Severn Trent Water, the UK’s second largest water company, has been referred to the Information Commissioner’s Office (ICO) by Fish Legal for refusing to disclose information about operations at its Worcester sewage treatment works.
The water company has a permit to discharge both ‘storm’ sewage and treated sewage into the River Severn at Diglis, in Worcester city centre. The ICO has been asked by Fish Legal to consider whether the utility giant has acted lawfully in rejecting requests for details about these sewage discharges and the works’ maintenance programme in 2022. Severn Trent Water is required to keep maintenance records to demonstrate compliance with its discharge consent and that they are operating the works in a manner that minimises the polluting effects into the river. Severn Trent has argued, however that such records do not constitute environmental information.
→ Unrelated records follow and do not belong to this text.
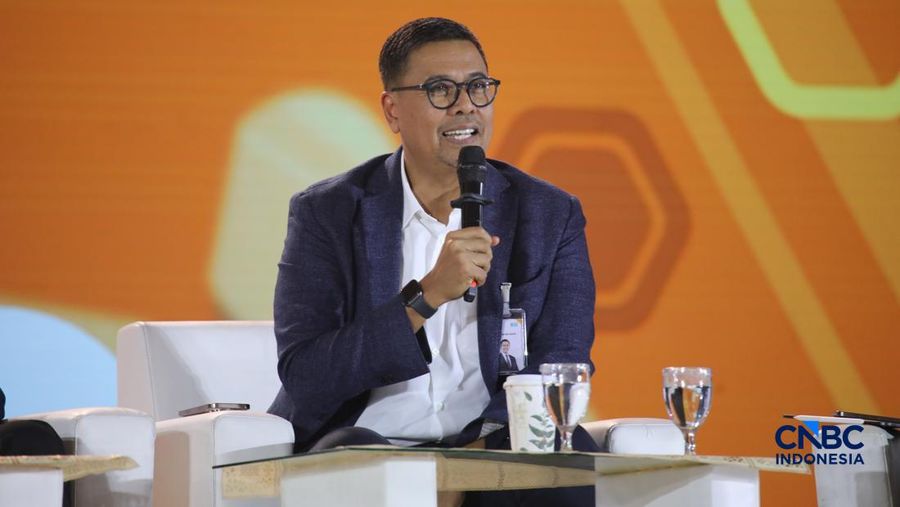 Direktur Utama PT Bank Syariah Indonesia (Persero) Tbk, Anggoro Eko Cahyo saat menyampaikan pemaparan dalam Jogja Financial Festival 2026 di Jogja Expo Center (JEC), Yogyakarta, DIY, Sabtu (23/5/2026). (CNBC Indonesia/Faisal Rahman)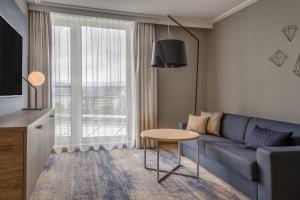 Televiisor ja/või meelelahutuskeskus majutusasutuses Courtyard by Marriott Linz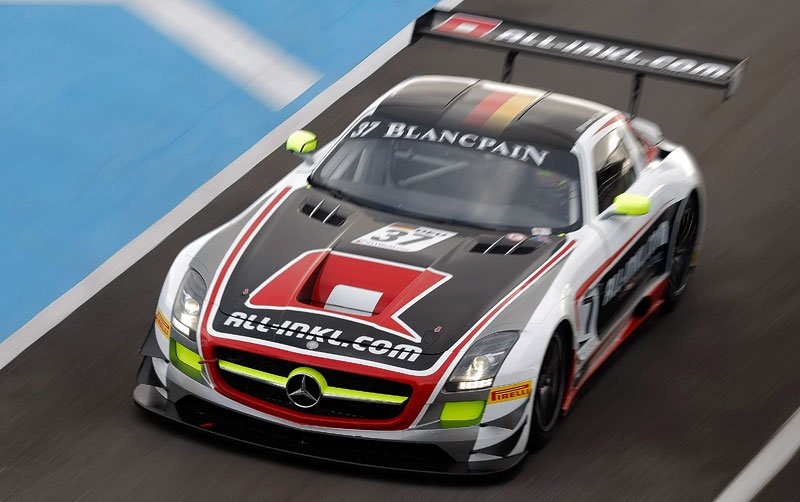 Mercedes-Benz SLS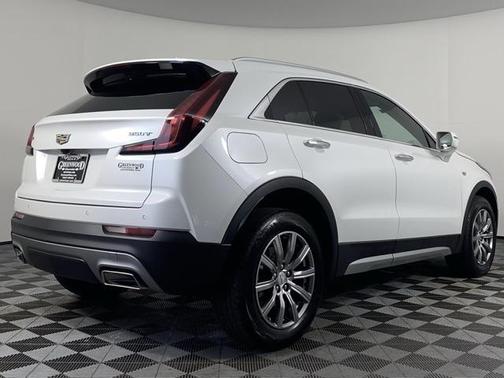 2021 Cadillac XT4 Premium Luxury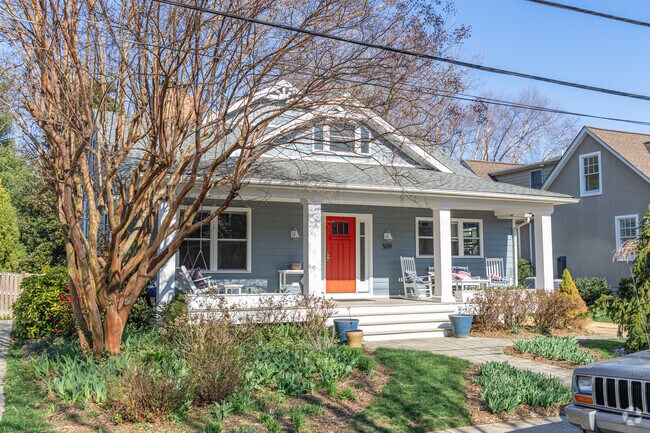 1920's Craftsman homes are a common option of living found in Easport, Maryland.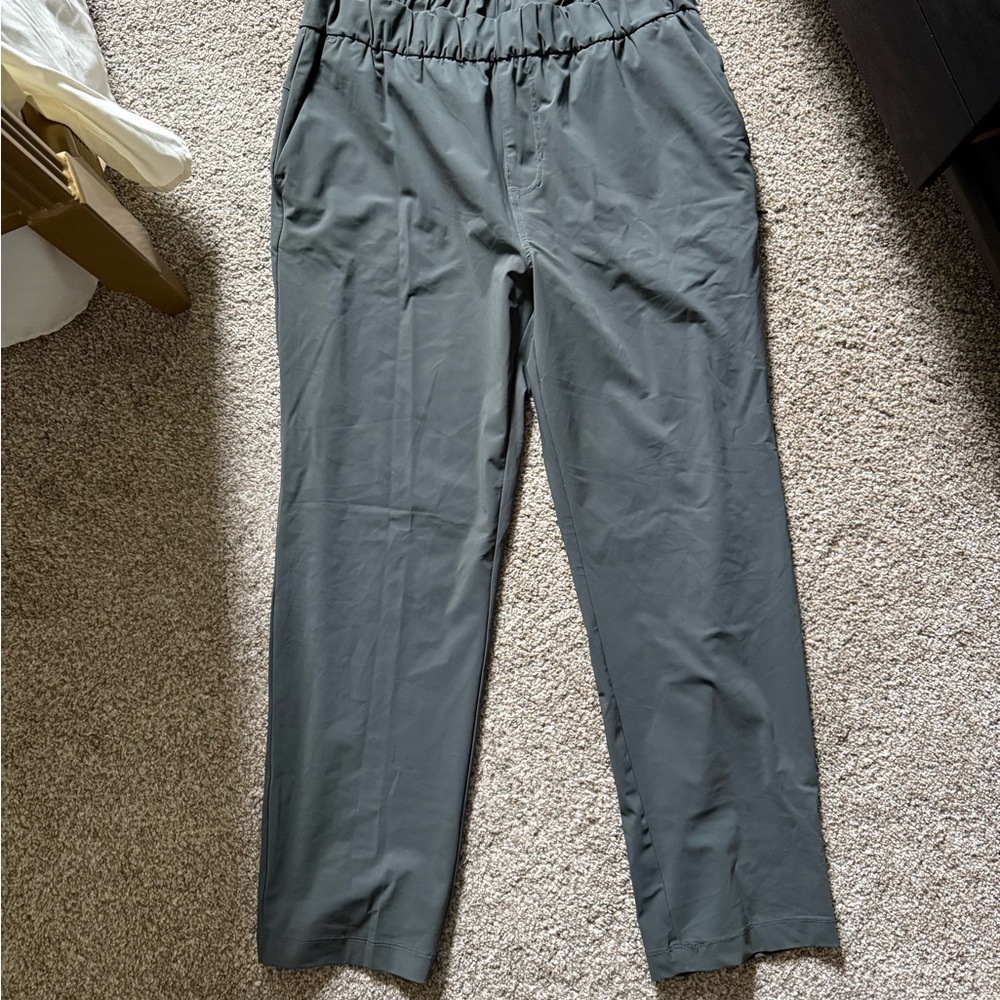 Vuori Gray Chinos Relaxed Fit Elastic Waist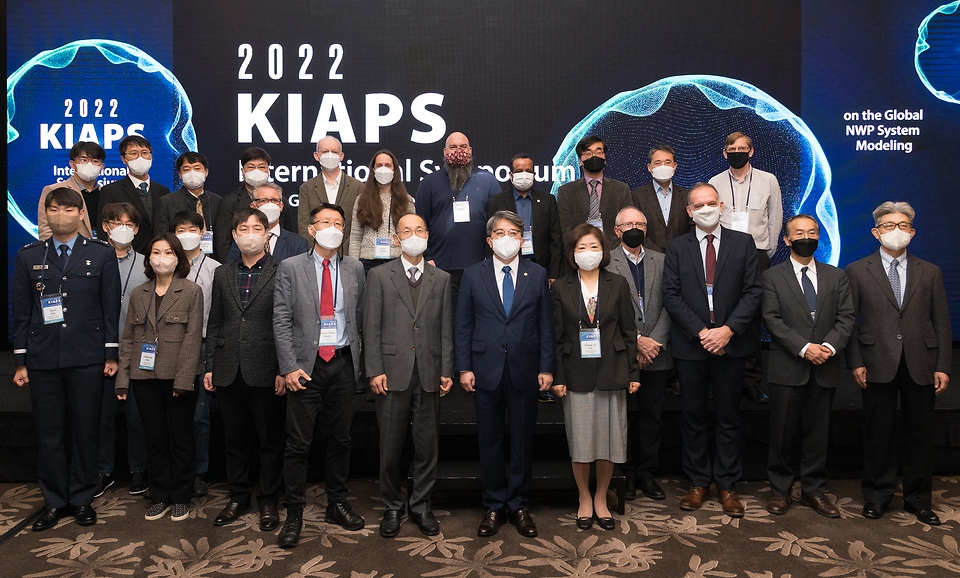 14일부터 16일까지 여의도 콘래드 서울호텔에서 열리는 ‘2022 차세대수치예보모델개발사업단 국제 학술 토론회’에서 유희동 기상청장을 비롯한 참석자들이 기념촬영을 하고 있다.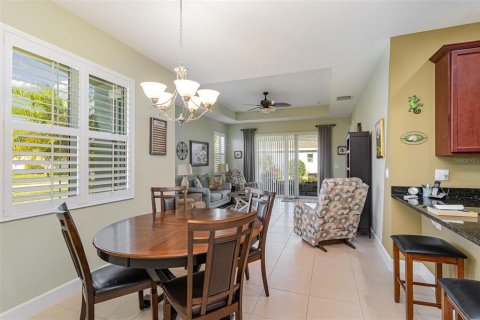 House in Sun City Center, Florida 2 bedrooms, 139.63 sq.m. № 1581765 - photo 9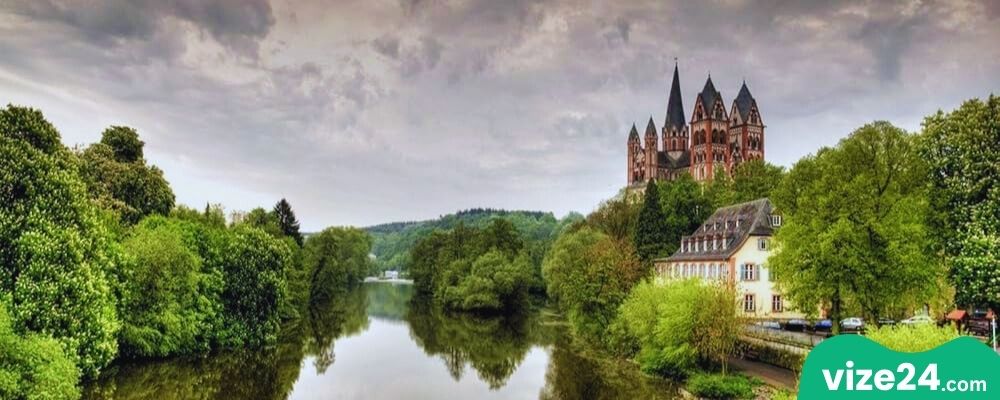 Limburg katedrali ve ahşap evlerle çevrili sokaklar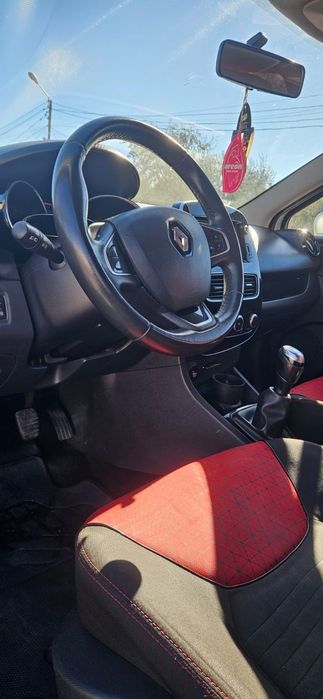 Vând. Autoturism Renault clio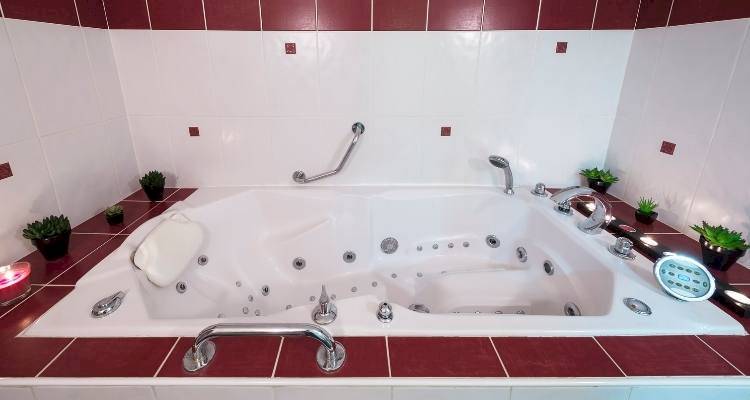 Bathroom Jacuzzi style hot tub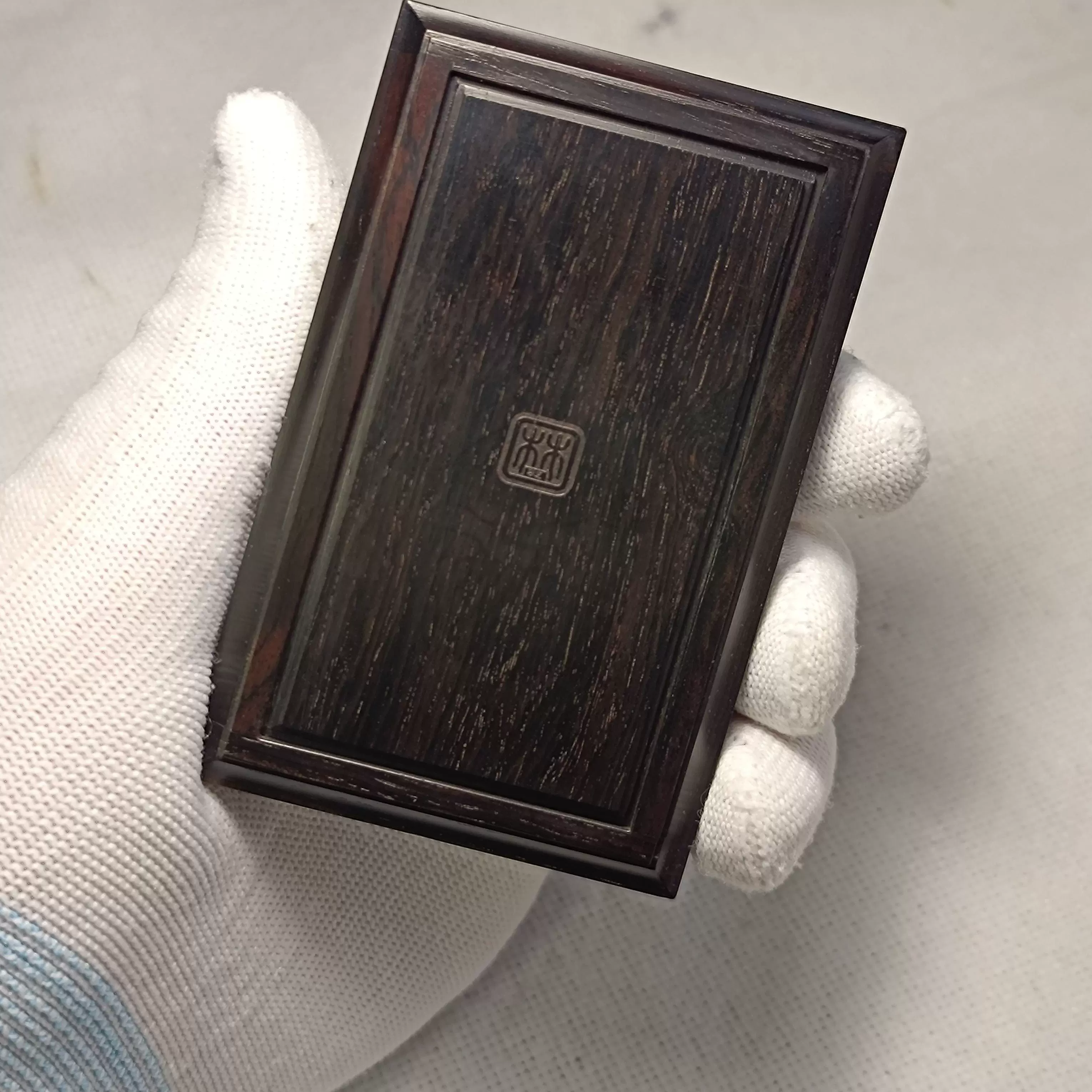 张圣林鸣虫盒 老乌木嵌老瘿木雕刻百福图 大黄蛉盒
In 2021, the works spilled ‘storm’ sewage 81 times for a total of 1051 hours into the Severn. Unusually high levels of phosphate have been recorded by Worcester Angling Society just downstream of the works since members started taking water samples in July 2021. That work led to a pilot project being set up by the Angling Trust for the River Severn catchment which was later rolled out nationally as the Angling Trust Water Quality Monitoring Network.
Penelope Gane, Head of Practice at Fish Legal, said: “In 2015, we won a long legal battle against the ICO, United Utilities, Yorkshire Water and the Government that made privatised water companies subject to Environmental Information Regulations. The lasting legacy of this landmark case is that any member of the public can ask for environmental information directly from privatised water companies operating in England and Wales and they are under a legal duty to supply it, except in very limited circumstances.”
She added: “Since that ruling, some water companies have been as creative as possible to avoid their legal duties. It’s almost as if they have something to hide. But we are prepared to challenge them because the public right to access information has been critical in exposing poor and potentially illegal activity in the water industry.”
Glyn Marshall, the Chairman of Worcester Angling Society, said “I was fishing the Lower Severn downstream of the treatment works after a flood in Spring 2021. I noticed that there were pant liners and other debris trapped in the bankside vegetation. I came home and decided to do something about it. Catches on our club water below the works had been fluctuating for several years. I did not want my local River Severn to follow the demise of the River Wye so I personally started monitoring the river. The results were shocking, off the scale of my phosphate meter and the levels were high below the works. The Angling Trust Water Quality Monitoring Network was set up as a pilot on the River Severn based on the work I was doing.”